"""Shared utilities for baseline comparisons.

Thin wrappers over existing Autocomp infra so baseline scripts stay small.
"""
from __future__ import annotations

import json
import pathlib
import time
from typing import Iterable

from autocomp.agents.llm_agent import extract
from autocomp.backend.jaxbench.jaxbench_eval import JaxBenchEvalBackend
from autocomp.common import LLMClient, logger
from autocomp.search.prob import Prob
from autocomp.search.search import load_initial_code


def load_baseline_code(prob_id: str, prob_type: str = "jaxbench-baseline") -> tuple[Prob, str]:
    """Return (Prob, source code of the starting implementation).
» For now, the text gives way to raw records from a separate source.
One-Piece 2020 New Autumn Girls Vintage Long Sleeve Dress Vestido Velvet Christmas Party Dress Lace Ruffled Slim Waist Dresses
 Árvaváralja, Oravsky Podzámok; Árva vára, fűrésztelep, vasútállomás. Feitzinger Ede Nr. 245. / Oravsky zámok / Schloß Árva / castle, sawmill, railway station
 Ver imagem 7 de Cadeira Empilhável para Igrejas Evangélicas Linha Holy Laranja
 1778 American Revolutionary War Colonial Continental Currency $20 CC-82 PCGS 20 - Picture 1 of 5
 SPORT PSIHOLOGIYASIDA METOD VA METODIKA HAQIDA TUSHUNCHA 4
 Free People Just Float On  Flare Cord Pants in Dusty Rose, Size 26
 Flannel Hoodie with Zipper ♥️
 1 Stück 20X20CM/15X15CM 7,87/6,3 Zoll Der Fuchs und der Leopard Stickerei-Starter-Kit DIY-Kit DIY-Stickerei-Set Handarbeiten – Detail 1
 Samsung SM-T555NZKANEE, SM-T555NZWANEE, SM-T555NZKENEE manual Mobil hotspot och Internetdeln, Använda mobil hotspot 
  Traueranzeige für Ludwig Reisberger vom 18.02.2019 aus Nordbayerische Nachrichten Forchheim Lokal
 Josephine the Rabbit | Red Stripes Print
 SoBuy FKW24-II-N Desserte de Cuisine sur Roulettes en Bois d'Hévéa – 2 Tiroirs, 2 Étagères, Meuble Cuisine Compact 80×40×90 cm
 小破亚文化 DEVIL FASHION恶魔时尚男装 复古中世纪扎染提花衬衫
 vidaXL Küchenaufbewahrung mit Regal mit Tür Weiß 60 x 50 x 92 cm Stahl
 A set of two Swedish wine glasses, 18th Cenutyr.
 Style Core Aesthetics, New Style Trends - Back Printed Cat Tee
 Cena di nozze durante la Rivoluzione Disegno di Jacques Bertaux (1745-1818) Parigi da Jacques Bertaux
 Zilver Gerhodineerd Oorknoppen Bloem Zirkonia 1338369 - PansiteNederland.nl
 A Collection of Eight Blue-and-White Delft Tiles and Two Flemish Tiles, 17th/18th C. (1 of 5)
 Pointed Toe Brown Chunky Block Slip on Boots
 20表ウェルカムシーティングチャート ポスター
    prob_type="jaxbench-baseline" loads baseline.py (JAX/XLA).
    prob_type="jaxbench-pallas"  loads optimized.py (hand-written Pallas).
    """
    prob = Prob(prob_type, prob_id)
    code = load_initial_code("jaxbench", prob)
    return prob, code


def build_prompt(prob_id: str, baseline_code: str, prob_type: str = "jaxbench-baseline") -> str:
    """Minimal prompt for one-shot generation."""
    if prob_type == "jaxbench-pallas":
        return (
            f"You are optimizing a Pallas TPU kernel for TPU v6e using the Pallas "
            f"programming model (`jax.experimental.pallas`).\n\n"
            f"Benchmark: {prob_id}\n"
            f"Target hardware: TPU v6e (Trillium). VMEM = 128 MiB.\n\n"
            f"Below is an existing Pallas implementation. Optimize it to run faster "
            f"while producing identical outputs.\n\n"
            f"Constraints:\n"
            f"- Keep the public `workload(*inputs)` signature unchanged.\n"
            f"- Produce a complete, self-contained Python file.\n"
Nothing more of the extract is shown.